Tuesday, June 17, 2014

God's Infinity


1.  Having concluded his examination of the ways God can be said to be good in himself and relative to creatures, Thomas devotes several questions to the different modes of God’s limitlessness: as regards magnitude (Q.7), place (Q.8), and time (QQ.9-10).  These questions, with the discussion of God’s one-ness (Q.11) conclude his examination of the divine essence (QQ.3-11), which is followed by an intense examination of the knowability and naming of God (QQ.12-13), and then the lengthier treatise on the divine operations (QQ.14-26).  We will see that these last five questions on the essence conclude the “negative” portion of the treatise on the One God (QQ.2-26), and the later questions will proceed in light of the doctrine of analogy laid out in QQ.12-13.

2.  Question 7 deals with God’s infinity in his essence, and the first article asks whether God is infinite at all (recall the old “an est” -> “quid est” structure: first we inquire whether God is infinite, and then follow up questions which clarify the mode of his limitlessness).  He proposes three objections: first, that what is infinite is infinite by a lack of determination, ad thus infinity is a kind of imperfection; second, that the categories of infinity and finitude belong to quantity, which is proper to bodies, which God is not; third, that to be limited is to be finite, and God is not all things, so that God is not infinite in being.

3.  For the sed Contra he cites the first book of St.
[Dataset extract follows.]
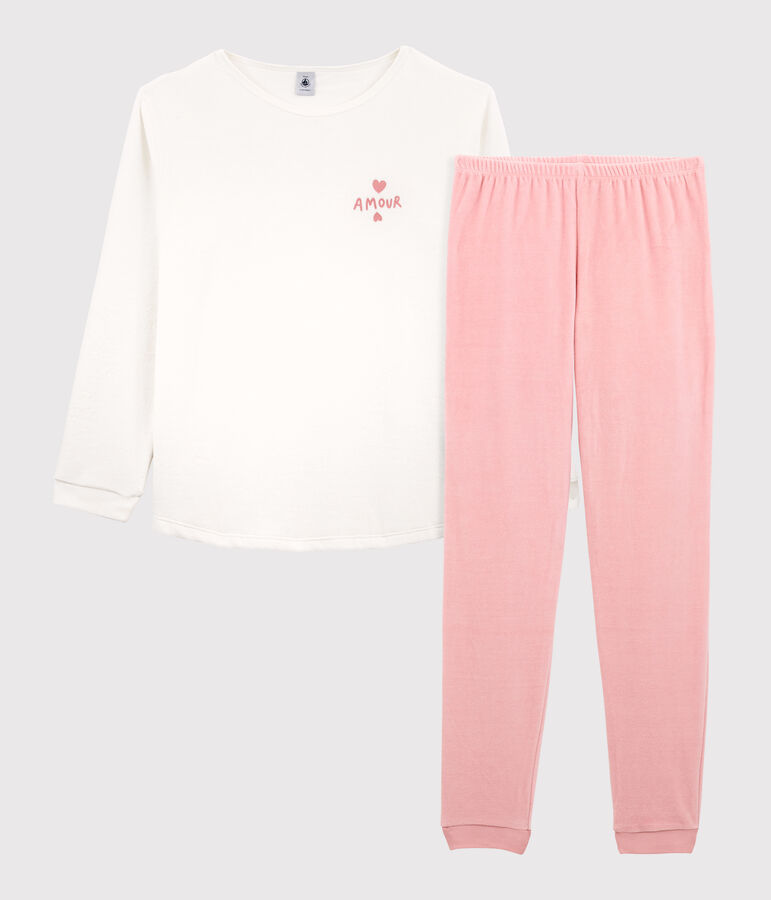 Pijama de ni&ntilde;a de terciopelo rosa/blanco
John Damascene’s treatise on the Orthodox Faith.

4.  In the Corpus he begins with a short excursus on the opinions of the ancient pagan philosophers, and then proceeds to solve the question of God’s infinity by examining the meaning of infinity as regards matter and form in things.  It is to be noted that Thomas focuses mainly in this article on the infinity of a thing’s essence or nature.  Thus he observes that matter is infinite in nature because as matter it is in potency to any number of possible forms that it might receive.  Thus in matter, infinity is indeed a kind of imperfection, as the first objection suggests.  But on the part of form, limitation comes from two sources: first from the intrinsic limitations of a particular form as to the nature of its act; second from the matter in which a form is received, because matter contracts the extent of a form (per materiam formae amplitudo contrahitur).  For most forms, this contraction could nonetheless be said to be concomitant with perfection, because without its reception into particular matter, the form has no existence.  But if a form is separate from matter an dsubsists in itself, then its amplitude or fullness is not contracted or limited at all, and thus it can be said to be infinite, not in potency the way matter is, but in its own act.  Then, if the nature of that act is unlimited by any potency at all, as God’s is, the form could be said to be absolutely and essentially infinite.  Thus God, who is pure subsisting form, removed from all matter, and pure act, without any potency, is infinite.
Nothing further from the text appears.